This seems to me to be an important aspect of Generative AI that often gets obscured – Gen AI only predicts (e.g. the next words, computer code, etc), it does not analyse, or ‘think’ about underlying concepts.
(Interestingly, one of the authors, Joshua Gans, was an associate of an economics consultancy I used to work for, twenty-odd years ago.)
I would think it would include things like inductive and deductive reasoning.
Because experiments have been done to test Gen AI’s ability at this sort of reasoning, and they failed it.
For one thing, it would be able to distinguish between information that was relevant versus irrelevant to the problem at hand. That was one of the tests it failed.
Fair point, but what about intuitive thinking, making a leap between two seemingly unrelated things? Of course, a bad intuition might be hard to distinguish from hallucination.
OR consider a child, who might reach a wrong conclusion because they do not understand. This too is thinking, just not correct thinking to an adult.
Validation may be a missing step.

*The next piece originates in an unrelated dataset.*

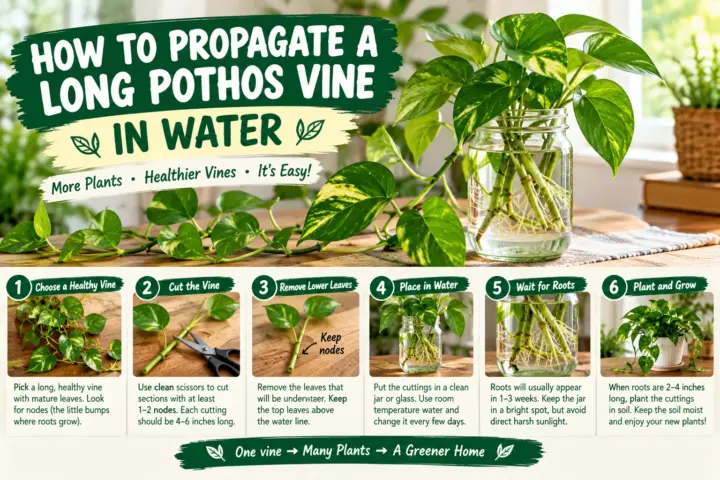 How to Propagate a Long Pothos Vine in Water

Is the “thought process” valid for more than a single prediction?
The first problem with that line of thought would be ‘how do we rigorously define “intuitive thinking”?’ I rather suspect we can’t and therefore we can’t distinguish between intuition and blind guessing.
In that circumstance, it should be possible to identify the incorrect axiom or inference that led to the “wrong conclusion” (even flawed reasoning is still reasoning). with a Gen AI, it is simply a ‘block box’ how it got there.
The problem being that, as we are just validating the prediction, not any reasoning to get to it, any validation of Gen AI predictions will be localised, and cannot tell us anything about its validity beyond what we have directly tested.
E.g. even if we validate a Gen AI as giving an accurate weather forecast for tomorrow under normal conditions, we won’t know if it does so for the day after a hurricane until we do direct validation on that.